▸ Your instructions
An exact copy of the lines from the top of the data through the line with "Sony PSP go" is what you should give, with no pictures in it.

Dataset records
------------------------------------------------------------------------
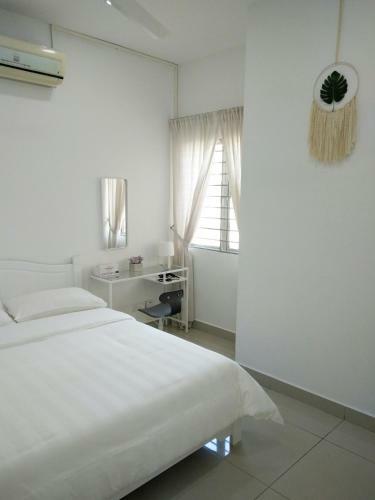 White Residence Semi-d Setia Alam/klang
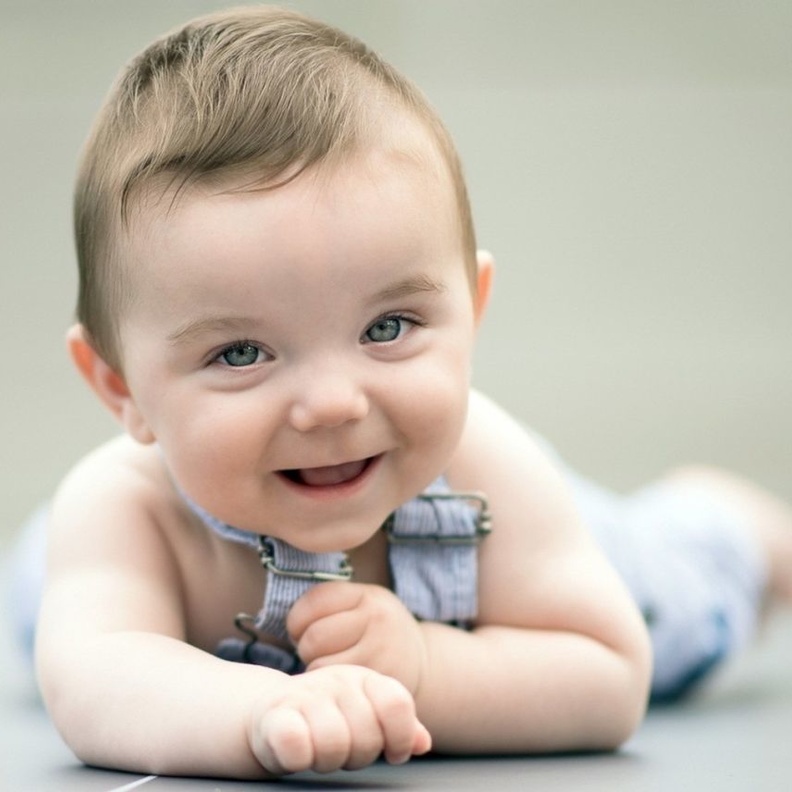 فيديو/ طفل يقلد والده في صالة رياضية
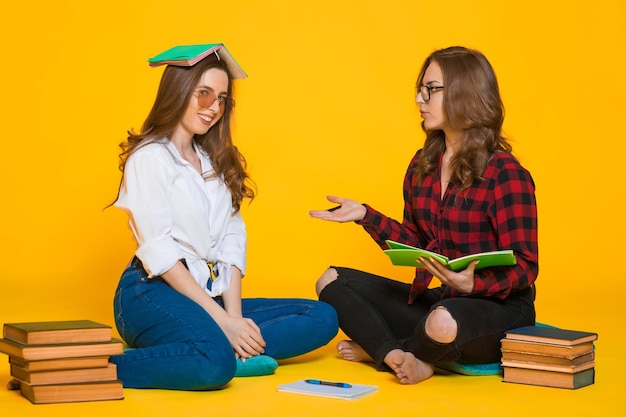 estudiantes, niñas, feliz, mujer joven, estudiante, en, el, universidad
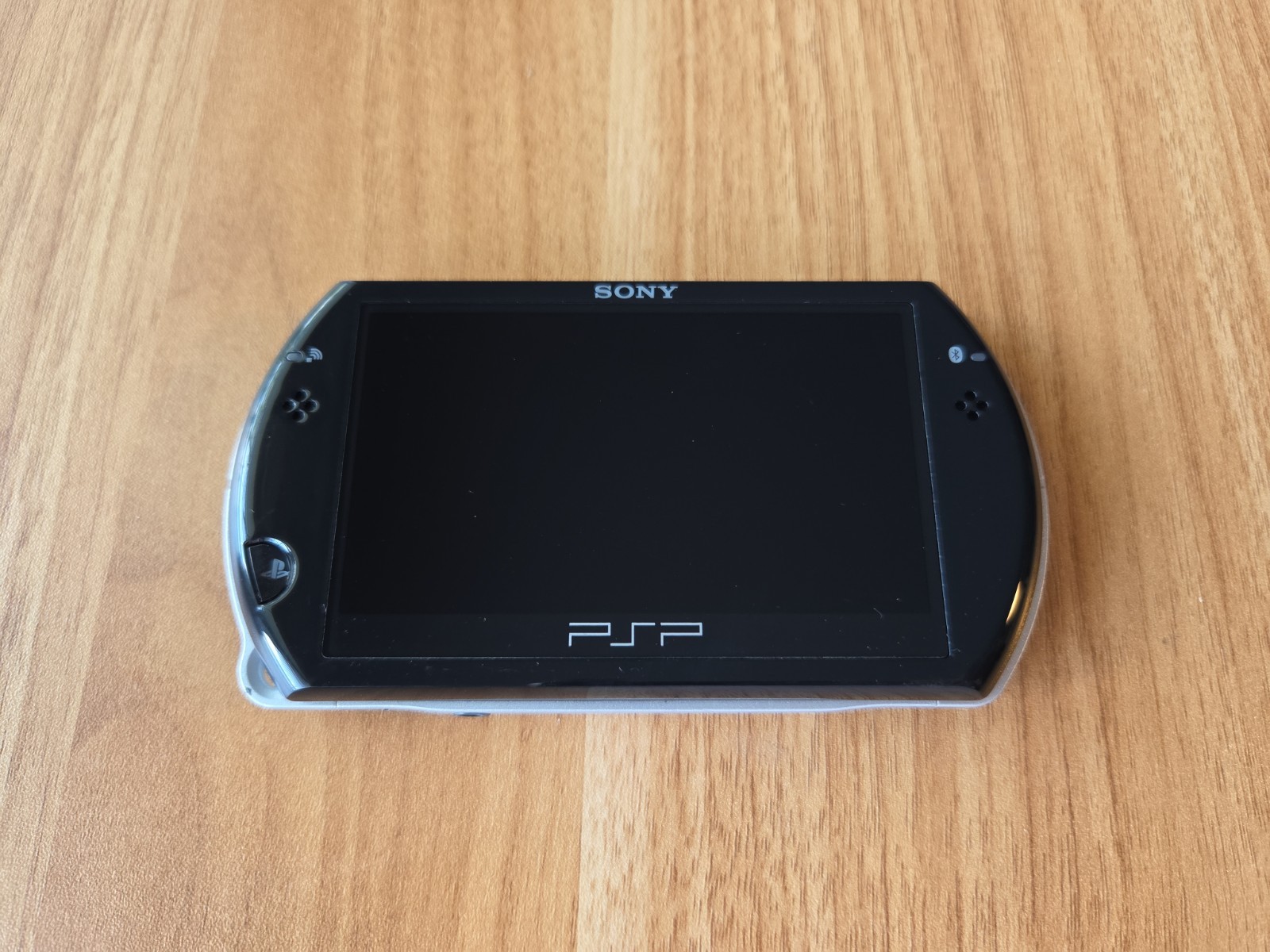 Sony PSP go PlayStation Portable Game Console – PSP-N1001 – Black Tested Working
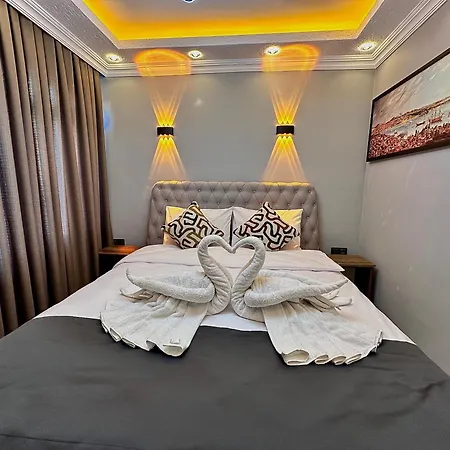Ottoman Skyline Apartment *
------------------------------------------------------------------------
▸ Problem solution
 White Residence Semi-d Setia Alam/klang
 فيديو/ طفل يقلد والده في صالة رياضية
 estudiantes, niñas, feliz, mujer joven, estudiante, en, el, universidad
 Sony PSP go PlayStation Portable Game Console – PSP-N1001 – Black Tested Working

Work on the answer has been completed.